=== Exercise aim ===
With the line containing "A CT myelogram" as the first line and the last line of the records as the final one, reproduce that range exactly.

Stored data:
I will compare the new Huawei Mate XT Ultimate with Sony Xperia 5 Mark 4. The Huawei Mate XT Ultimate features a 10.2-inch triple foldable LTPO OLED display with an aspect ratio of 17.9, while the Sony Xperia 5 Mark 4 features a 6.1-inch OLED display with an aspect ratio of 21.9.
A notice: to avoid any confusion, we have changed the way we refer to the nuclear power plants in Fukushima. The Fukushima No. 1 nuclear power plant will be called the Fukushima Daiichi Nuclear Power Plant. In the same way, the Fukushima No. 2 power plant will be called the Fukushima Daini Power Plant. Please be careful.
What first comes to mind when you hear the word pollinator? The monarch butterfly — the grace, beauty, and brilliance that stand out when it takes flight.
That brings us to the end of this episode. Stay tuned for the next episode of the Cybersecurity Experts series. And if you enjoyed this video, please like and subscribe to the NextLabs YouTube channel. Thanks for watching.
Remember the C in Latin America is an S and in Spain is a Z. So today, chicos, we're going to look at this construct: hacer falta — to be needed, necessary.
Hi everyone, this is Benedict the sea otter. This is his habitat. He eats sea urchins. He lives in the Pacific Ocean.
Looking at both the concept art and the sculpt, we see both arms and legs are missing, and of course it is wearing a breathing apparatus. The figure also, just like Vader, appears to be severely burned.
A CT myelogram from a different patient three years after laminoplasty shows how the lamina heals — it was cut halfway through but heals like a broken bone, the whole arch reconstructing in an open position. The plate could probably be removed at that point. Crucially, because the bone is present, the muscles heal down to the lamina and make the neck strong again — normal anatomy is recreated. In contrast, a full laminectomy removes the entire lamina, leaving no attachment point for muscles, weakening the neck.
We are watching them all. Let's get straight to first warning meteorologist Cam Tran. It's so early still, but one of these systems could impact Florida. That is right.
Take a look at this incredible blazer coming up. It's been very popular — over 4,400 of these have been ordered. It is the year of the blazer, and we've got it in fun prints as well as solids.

=== Solution to the problem ===
A CT myelogram from a different patient three years after laminoplasty shows how the lamina heals — it was cut halfway through but heals like a broken bone, the whole arch reconstructing in an open position. The plate could probably be removed at that point. Crucially, because the bone is present, the muscles heal down to the lamina and make the neck strong again — normal anatomy is recreated. In contrast, a full laminectomy removes the entire lamina, leaving no attachment point for muscles, weakening the neck.
We are watching them all. Let's get straight to first warning meteorologist Cam Tran. It's so early still, but one of these systems could impact Florida. That is right.
Take a look at this incredible blazer coming up. It's been very popular — over 4,400 of these have been ordered. It is the year of the blazer, and we've got it in fun prints as well as solids.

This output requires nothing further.